§ **SOURCE DATA**:
[Start of Attachment]

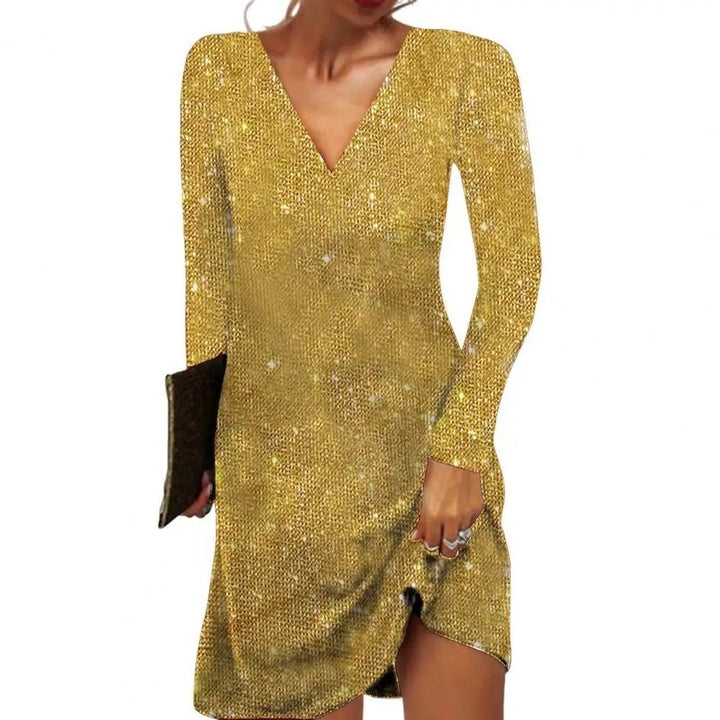 Livia — Festliches kurzes Paillettenkleid für Damen mit langen Ärmeln, Das Modehaus Luzern
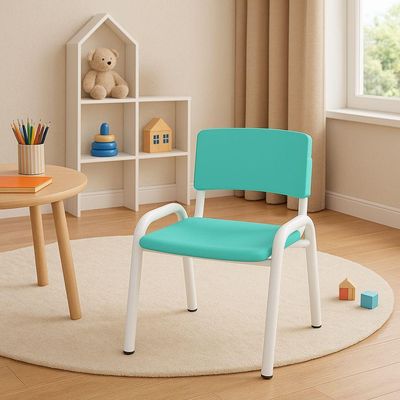Kit 7 Cadeiras Infantil Iso, Escola, Base Branco- Verde água
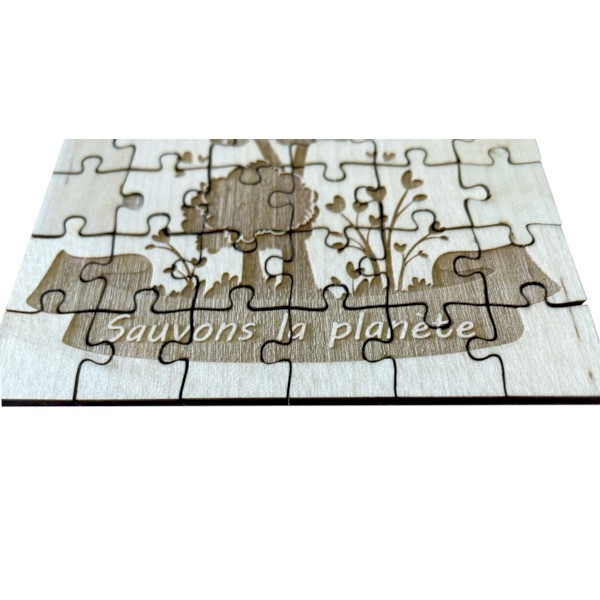 Puzzle français bois 12 pièces personnalisable -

[End of Attachment]

Begin at the line containing "Kit 7 Cadeiras" and stop at the last line of the data. Repeat only those lines, exactly, and leave out the pictures.

Kit 7 Cadeiras Infantil Iso, Escola, Base Branco- Verde água
 Puzzle français bois 12 pièces personnalisable -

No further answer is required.